Regardless, it’s another robust option that will more than cover most bases for most people. As with the Q3, the internal battery means you won’t need to feed it power while in use (estimated eight hours) and connecting it to your phone or computer is the same; as long as you can pipe a USB cable into it, you’re good to go.

Best for desktop warriors: Focusrite Scarlett 2i2

Only looking for a desktop DAC? Then a good old fashioned audio interface might be the best choice for you. Focusrite’s Scarlett series has near-legendary status at this point and an eye-wateringly high review ratio on Amazon for a good reason: It does what it does very very well.

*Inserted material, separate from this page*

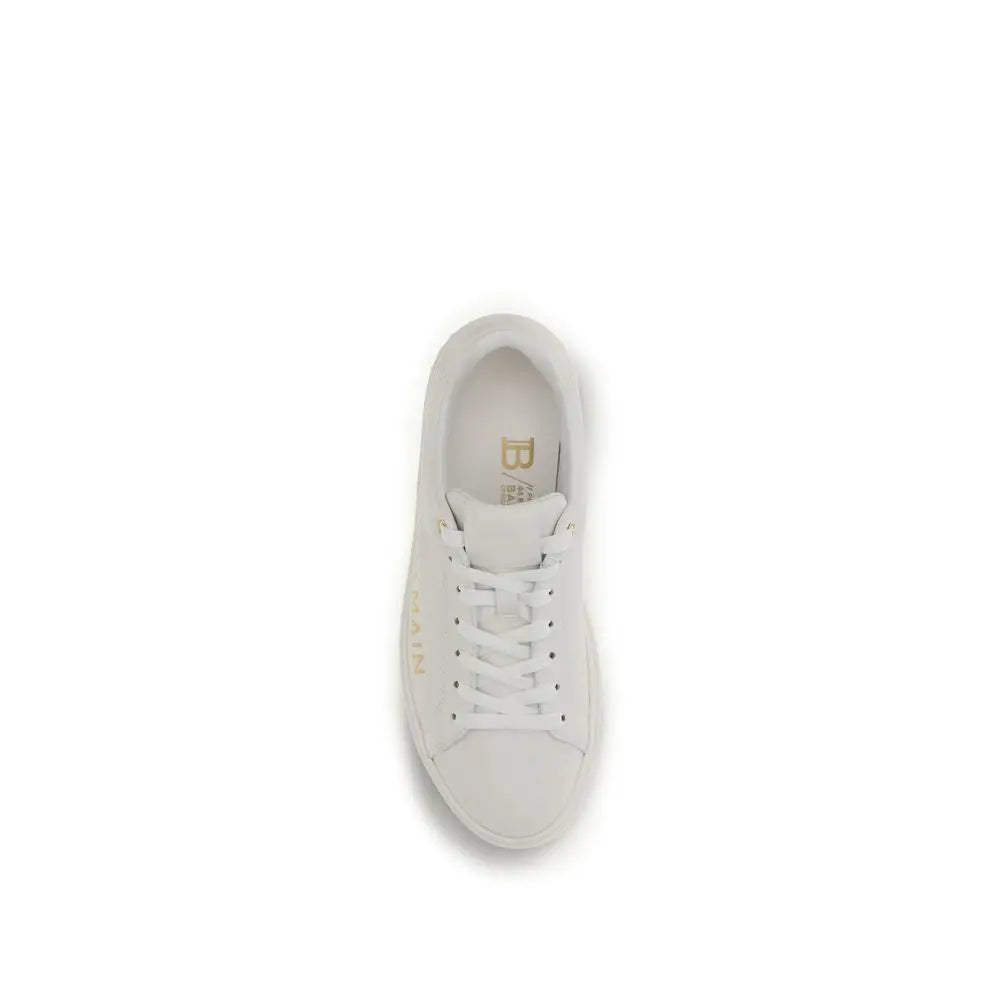 Balmain white calf leather bos taurus low top sneaker en cuir blanc avec détails dorés et branding visible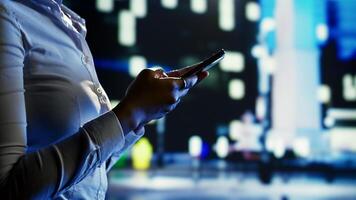 Woman using smartphone to order cab, feeling unsafe walking around empty streets at night. Girl waiting for taxi to pick her up while wandering in dimly illuminated urban environment, close up photo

Most current laptops and desktops can probably handle at least 96kHz audio, but with the Scarlett you can be sure you are getting the full 192kHz when available and the dedicated audio processors and headphone amps will do a much better job of it.

The main benefit here is the general upgrade you will be giving to your PC. Not only will your listening experience be enhanced, but you’ll be able to plug in microphones and instruments if streaming or recording are your thing, all in one device and all for about the same price as some of the more mobile-oriented devices on this list.